He decides to go to Hyderabad to try his luck in films without informing anyone. On his way to Hyderabad, he runs into Sindhu again and tries to take a selfie with her and sends it to his friend Babji. He reaches Hyderabad and roams around the city for opportunities in films. He soon realizes that it is going to be a tough job and decides to return to his village. As soon as he arrives in the village, he is surrounded by his father and a group of villagers, who accuses him of eloping with Sindhu. Her father threatens him to tell the whereabouts of his daughter. Otherwise, he would complain to the police. He pleads for his innocence, but nobody listens. He calls up his friend Babji to know the actual reason for all the chaos. Babji reveals that he spread the news in the village that they both eloped when encountered with an unavoidable situation. They both escape to Hyderabad again to find Sindhu and bring her back to the village to prove their innocence.

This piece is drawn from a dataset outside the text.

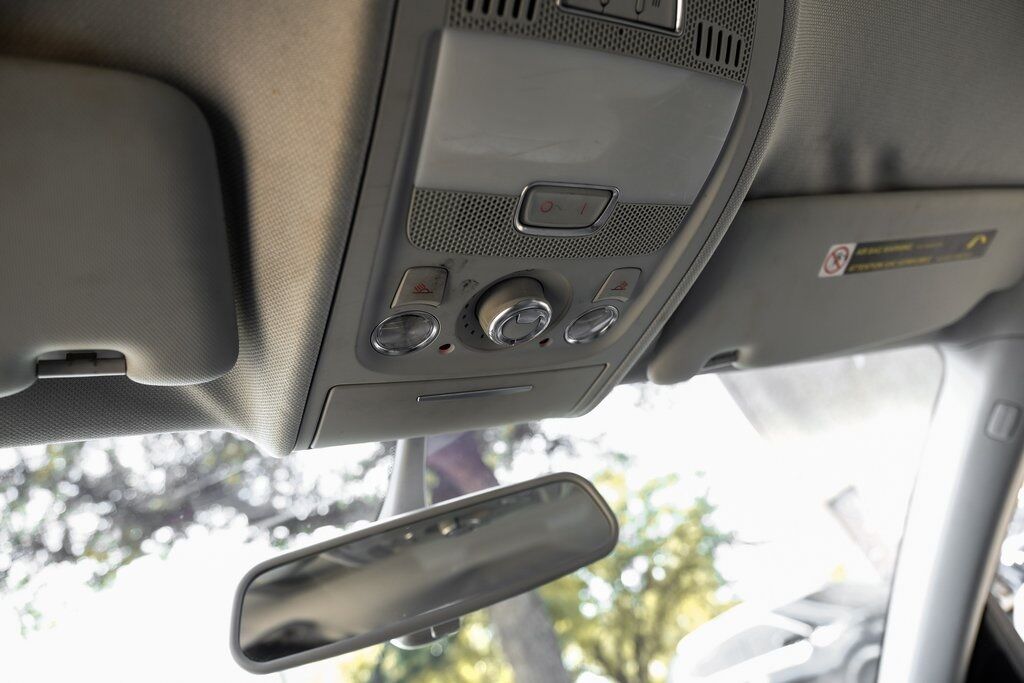 2013 Audi A4 2.0T Premium Carrollton TX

Srinu remembers Sindhu telling him that she was going for an interview at a company called Max Infotech. But they couldn't find her. Meanwhile, a police warrant is issued against them by the villagers for kidnapping Sindhu. They run into a private detective, Yugandhar, on one of their searching spree who offers his help finding her. Yugandhar finds her and brings her to his office. She reveals that she fled from home to escape a forcible marriage proposal arranged by her parents. She came to meet Hari Narayana, whom she met online. They never meet face to face. She claims that she is regularly chatting with Hari. Yugandhar finds out that Hari has actually committed suicide one year ago. However, she does not believe them. She wants to find out the truth on her own. With the help of some of Hari's friends and acquaintances, they find out his native place. They travel to his native place and witnesses his one-year death anniversary proceedings.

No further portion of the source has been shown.